PINETOP-LAKESIDE – Thanks to the generous gift of the Salter Foundation this year, as soon as the town of Pinetop-Lakeside receives a Quit Claim Deed on 107.88 acres for the developed footprint of Woodland Lake Park from the U.S. Forest Service, the town will officially own the park.
The park includes the path around the lake, the ramadas, the ballfields and the playground but not the water in the lake. The water is owned by the Show Low/Pinetop Woodland Irrigation Company who, through a license agreement with the town, allows the town to use the lake for recreational and wildlife purposes.
The irrigation company is a non-profit irrigation water company that was formed by early settlers around 1874. It is set up to deliver irrigation water to their customers through a series of water storage reservoirs, canals and dams of which the lake is a part. The town entered into a license agreement with the irrigation company in December 2018 in which they pay $3,000 a month for three years, “to use Woodland Lake for recreational and wildlife, including fishing, which includes the water stored in the portion of the lake that is under the high-water mark, the dam and the outlet works.”
An annual inspection is conducted each year by the Army Corp of Engineers to ensure the dams are operated and maintained properly. Once every five years a more detailed inspection is conducted and that is expected to occur in September, this year.
According to Pinetop-Lakeside’s July 30 “Talk of the Town,” the town newsletter, the head gate at Woodland Lake has been vandalized twice and though the irrigation company hired a local diver to assess the damage and repair it, it was not able to be be repaired. The irrigation company has been monitoring the water levels in the lake and will soon begin the needed repairs. In order to do so, and for the dam to be able to pass the September inspection, the lake will need to be completely drained.
Once the lake is drained, they will take advantage of that opportunity to deepen the lake for increased capacity. To do so, a permit must be issued by the Army Corp of Engineers. At that time, they will also remove cattails that are rapidly spreading.

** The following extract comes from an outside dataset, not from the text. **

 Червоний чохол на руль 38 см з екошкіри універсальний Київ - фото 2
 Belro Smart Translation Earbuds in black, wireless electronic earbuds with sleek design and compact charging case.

According to the town’s Public Works Department, over the years they have coordinated with the irrigation company, Arizona Game and Fish and the Forest Service to remove cattails from the lake.
Cattails are common plants in lakes, ponds, and other wetland areas that can be a benefit to creating habitat for small fish, waterfowl and the bugs that they eat. Cattails are part of a healthy ecosystem in that they assist in slowing water flow and help trap sediment and silt. They can also be a detriment, affecting oxygen levels and decreasing the capacity for water storage. As seen at Woodland Lake, they grow rapidly and often block the shorelines and views.
Once this work is complete, the lake will be refilled by rainfall and snowmelt. The town said “it is possible for one good winter to completely refill the lake.”
With the lake being a major recreational spot for locals and summer visitors, the town is hopeful the work will be completed by the end of the summer.